- Film poster
- Directed by: Halder Gomes Gerson Sanginitto
- Written by: Najla Ann-Doori (story & writer) Andrew Pletcher (writer)
- Starring: Heather Donahue Bill Cobbs Lisa Crilley Brandon Quinn Sammy Sheik Michael Raye
- Distributed by: Reef Pictures Lionsgate (DVD)
- Release date: April 2008;
- Running time: 84 minutes.
- Country: United States
- Language: English

= The Morgue =

The Morgue is a 2008 direct-to-DVD horror film directed by Halder Gomes and Gerson Sanginitto, written by Najla Ann Al-Doori and Andrew Pletcher, and starring Heather Donahue in her final role before her retirement.

==Plot synopsis==

The protagonist Margo Dey is paying her way through college by working part-time in a morgue. Her only living companion in the long nights at the morgue is George, the night watchman, who is stricken with grief from the loss of his daughter.
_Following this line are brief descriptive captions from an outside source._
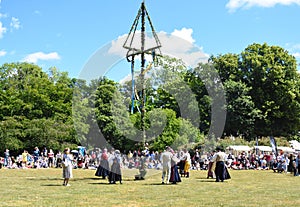 Dance around Midsummer Tree In Sweden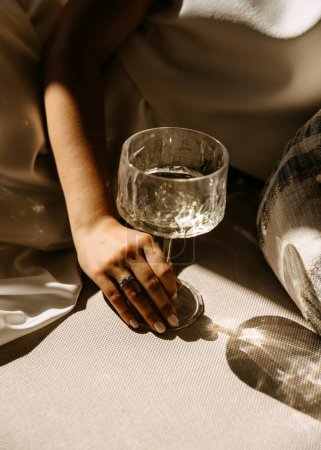 Téléchargez les photos : Une main avec bague de fiançailles en diamant tenant une coupe de champagne au soleil. - en image libre de droit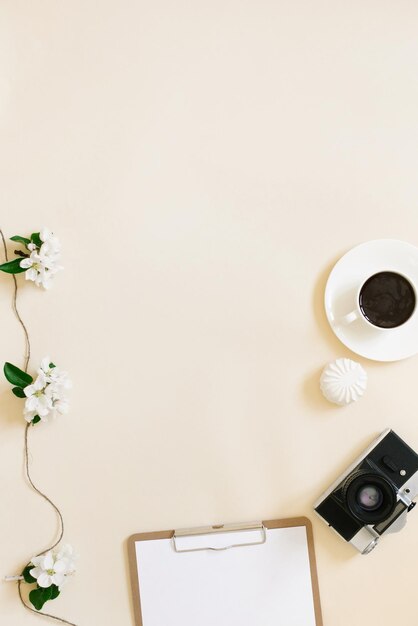 Pianificare un viaggio di primavera un tablet con un foglio bianco di carta una telecamera retro fiori di mele bianche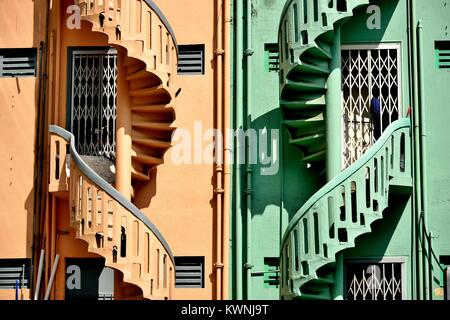 A pair of colorful old stone spiral staircases on the exterior of terraced shop houses in historic Little India, Singapore Stock Photo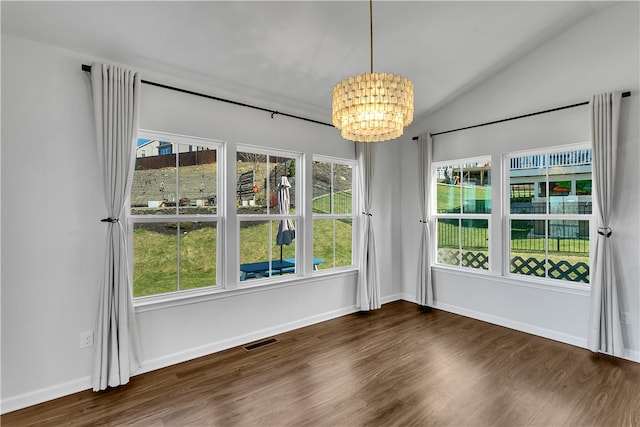 spare room with vaulted ceiling, dark wood-type flooring, and a notable chandelier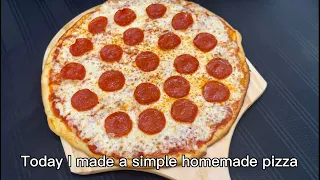 Simple homemade pepperoni pizza made with easy store-bought ingredients #pizza #homemade #baking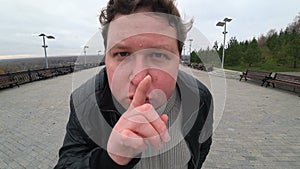 Wide angle lens: young fat man looking at camera and showing silence gesture. Finger on lips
As the story unfolds more characters, including Jill, a frightened young girl, are introduced.

== Critical reception ==

Allan Dart, writing for Fangoria, found the directors Gomes and Sanginitto went for psychological suspense instead of mere gore, but felt the film was predictable. Dread Central called it "cheap fun, better than expected, but come the next day you'll hardly remember its name."